Dopo il test in Umbria si parla di un asse Pd-M5S anche alle Amministative in Sicilia. Oltre questo laboratorio, c’è chi, nel Pd regionale, ritiene «da valorizzare» l’assenza di alcuni forzisti alla piazza del centrodestra.
«Io sarei molto prudente sugli esperimenti di laboratorio, che a volte in passato hanno partorito mostri. Sull’alleanza con il M5S molto dipenderà dal governo, se dalla semplice attuazione, già complicata, dei punti programmatici si riuscirà a trasmettere un’idea di società. In Sicilia facciamo opposizione insieme, ma per costruire un’alternativa c’è bisogno di un chiarimento con il M5S: l’azione di giustizia sociale è alternativa alla destra, bisogna dirlo senza ambiguità. Sul resto sono convinto che sia necessario a livello locale allargare le alleanze per battere una destra non solo pericolosa sul piano democratico, ma anche per gli interessi del Sud. Quindi ben vengano quelli che non vanno in piazza a braccetto con Casa Pound, ma da qui a farne un’alleanza politica ce ne corre».

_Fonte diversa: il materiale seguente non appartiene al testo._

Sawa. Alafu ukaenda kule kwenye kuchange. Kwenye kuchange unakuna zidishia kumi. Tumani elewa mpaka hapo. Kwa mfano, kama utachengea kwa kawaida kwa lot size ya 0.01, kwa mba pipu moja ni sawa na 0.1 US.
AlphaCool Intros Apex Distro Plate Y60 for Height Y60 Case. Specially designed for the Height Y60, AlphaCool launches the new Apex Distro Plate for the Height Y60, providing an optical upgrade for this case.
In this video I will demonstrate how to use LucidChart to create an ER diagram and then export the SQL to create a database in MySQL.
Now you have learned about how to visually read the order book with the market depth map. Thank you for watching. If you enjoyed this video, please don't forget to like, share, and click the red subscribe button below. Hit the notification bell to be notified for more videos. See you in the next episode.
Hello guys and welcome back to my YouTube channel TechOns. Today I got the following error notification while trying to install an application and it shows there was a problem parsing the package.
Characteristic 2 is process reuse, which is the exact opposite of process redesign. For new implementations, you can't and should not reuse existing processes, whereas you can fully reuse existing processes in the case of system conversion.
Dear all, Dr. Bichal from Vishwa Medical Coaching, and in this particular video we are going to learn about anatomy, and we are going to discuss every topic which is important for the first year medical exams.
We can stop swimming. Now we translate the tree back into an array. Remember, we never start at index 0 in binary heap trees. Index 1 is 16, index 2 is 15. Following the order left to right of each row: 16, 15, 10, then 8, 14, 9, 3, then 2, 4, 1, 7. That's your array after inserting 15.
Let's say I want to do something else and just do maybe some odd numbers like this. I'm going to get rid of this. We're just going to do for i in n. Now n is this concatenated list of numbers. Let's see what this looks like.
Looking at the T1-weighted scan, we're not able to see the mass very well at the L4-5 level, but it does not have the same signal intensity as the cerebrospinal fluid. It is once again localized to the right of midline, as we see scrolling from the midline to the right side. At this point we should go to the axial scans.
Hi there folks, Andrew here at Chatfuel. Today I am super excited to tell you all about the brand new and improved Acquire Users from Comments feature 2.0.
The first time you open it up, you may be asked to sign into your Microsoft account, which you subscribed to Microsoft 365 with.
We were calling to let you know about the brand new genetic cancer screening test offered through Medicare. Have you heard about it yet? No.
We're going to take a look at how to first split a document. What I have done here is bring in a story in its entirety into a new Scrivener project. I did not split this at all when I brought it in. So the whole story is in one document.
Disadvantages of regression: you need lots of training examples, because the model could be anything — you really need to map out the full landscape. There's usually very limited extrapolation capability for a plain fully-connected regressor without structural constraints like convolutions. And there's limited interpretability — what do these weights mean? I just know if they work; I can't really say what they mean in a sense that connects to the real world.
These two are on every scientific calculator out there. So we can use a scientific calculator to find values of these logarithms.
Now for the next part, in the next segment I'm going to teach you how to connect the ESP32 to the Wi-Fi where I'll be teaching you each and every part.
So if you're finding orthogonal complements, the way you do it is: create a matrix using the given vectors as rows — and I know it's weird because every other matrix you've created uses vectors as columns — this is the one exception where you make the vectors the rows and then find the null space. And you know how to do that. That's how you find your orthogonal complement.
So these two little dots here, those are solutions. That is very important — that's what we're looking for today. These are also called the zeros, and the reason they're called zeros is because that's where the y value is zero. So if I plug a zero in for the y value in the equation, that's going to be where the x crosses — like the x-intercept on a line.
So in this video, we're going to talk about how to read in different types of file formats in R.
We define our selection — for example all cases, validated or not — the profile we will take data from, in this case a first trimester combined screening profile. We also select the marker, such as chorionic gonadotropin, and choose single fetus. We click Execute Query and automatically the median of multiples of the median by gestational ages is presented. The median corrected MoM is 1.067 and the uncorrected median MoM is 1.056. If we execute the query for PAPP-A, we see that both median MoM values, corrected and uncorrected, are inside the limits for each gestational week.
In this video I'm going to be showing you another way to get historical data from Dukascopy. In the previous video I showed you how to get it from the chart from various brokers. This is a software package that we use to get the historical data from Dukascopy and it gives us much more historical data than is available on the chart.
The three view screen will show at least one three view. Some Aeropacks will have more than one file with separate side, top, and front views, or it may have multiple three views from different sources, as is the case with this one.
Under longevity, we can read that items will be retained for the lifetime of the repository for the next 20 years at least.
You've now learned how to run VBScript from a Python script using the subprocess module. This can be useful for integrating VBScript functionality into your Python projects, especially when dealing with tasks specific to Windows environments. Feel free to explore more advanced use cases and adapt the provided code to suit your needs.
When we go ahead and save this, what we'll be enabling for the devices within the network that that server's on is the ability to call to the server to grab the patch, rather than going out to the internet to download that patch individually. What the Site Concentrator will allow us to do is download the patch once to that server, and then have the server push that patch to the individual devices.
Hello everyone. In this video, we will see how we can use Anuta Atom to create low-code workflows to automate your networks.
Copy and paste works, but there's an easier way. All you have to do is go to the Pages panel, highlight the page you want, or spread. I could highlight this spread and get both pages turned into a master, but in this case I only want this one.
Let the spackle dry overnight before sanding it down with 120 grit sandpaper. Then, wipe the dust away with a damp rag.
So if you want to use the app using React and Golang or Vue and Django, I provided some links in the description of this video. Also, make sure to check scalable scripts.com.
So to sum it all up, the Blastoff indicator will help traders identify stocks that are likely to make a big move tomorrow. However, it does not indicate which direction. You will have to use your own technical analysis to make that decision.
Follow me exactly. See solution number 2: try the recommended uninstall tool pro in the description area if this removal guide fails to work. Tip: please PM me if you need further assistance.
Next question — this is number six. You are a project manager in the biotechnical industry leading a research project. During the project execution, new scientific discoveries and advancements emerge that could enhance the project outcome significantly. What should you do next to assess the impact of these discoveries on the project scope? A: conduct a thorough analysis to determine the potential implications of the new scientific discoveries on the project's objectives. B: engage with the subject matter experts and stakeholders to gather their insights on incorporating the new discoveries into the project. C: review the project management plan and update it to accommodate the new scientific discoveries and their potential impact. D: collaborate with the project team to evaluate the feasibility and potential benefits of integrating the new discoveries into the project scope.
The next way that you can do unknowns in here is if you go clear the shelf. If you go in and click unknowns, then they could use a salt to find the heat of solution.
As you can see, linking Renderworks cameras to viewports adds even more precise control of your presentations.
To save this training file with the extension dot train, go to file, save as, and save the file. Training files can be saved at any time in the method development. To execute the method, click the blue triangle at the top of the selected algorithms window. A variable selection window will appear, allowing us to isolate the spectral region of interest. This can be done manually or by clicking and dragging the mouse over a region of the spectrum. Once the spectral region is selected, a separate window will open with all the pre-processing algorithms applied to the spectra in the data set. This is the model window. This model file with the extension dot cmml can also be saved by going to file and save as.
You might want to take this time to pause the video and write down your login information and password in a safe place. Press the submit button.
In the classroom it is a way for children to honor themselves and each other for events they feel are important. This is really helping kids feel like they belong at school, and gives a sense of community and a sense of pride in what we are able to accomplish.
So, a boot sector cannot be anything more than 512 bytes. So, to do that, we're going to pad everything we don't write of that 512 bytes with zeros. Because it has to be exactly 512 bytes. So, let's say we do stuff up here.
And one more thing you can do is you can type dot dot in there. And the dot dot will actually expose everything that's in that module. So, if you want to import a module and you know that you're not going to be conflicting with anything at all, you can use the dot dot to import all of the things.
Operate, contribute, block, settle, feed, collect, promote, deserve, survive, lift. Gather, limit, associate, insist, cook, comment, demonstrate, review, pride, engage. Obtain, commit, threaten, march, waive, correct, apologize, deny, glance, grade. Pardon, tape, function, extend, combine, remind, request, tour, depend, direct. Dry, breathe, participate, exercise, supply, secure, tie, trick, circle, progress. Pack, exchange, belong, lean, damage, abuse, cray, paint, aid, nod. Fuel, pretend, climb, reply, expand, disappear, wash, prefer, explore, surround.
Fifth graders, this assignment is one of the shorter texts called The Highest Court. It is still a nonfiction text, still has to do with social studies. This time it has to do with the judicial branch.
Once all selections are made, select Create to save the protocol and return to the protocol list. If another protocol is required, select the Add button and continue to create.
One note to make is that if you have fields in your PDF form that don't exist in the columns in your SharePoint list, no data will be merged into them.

In questo weekend è tornato alle origini, nella sua Milena, per la prima volta da ministro. Un’overdose di emozioni. Ce le racconta?
«Tutte le emozioni che ho provato dal giorno del giuramento, forse perché ho lavorato senza fermarmi un giorno, sono state come contratte. Tornare a casa le ha fatte sciogliere all’improvviso. Mi ha fatto impressione, riempendomi di gioia, l’affetto dei cittadini, ma mi carica di una responsabilità enorme: quella di provare a non deludere le attese e le aspettative che ha suscitato non tanto la mia persona quanto una storia come la mia. A Milena ho citato un proverbio cinese: il regalo più grande che si possa fare ai propri figli è donare loro delle radici e delle ali. Io in Sicilia ho le mie radici, che non ho mai reciso, ma ho avuto anche le ali. Le ali di un sogno. Il mio invito è che questa terra coltivi le radici e non rinunci alle ali, cioè alla possibilità di immaginare un futuro».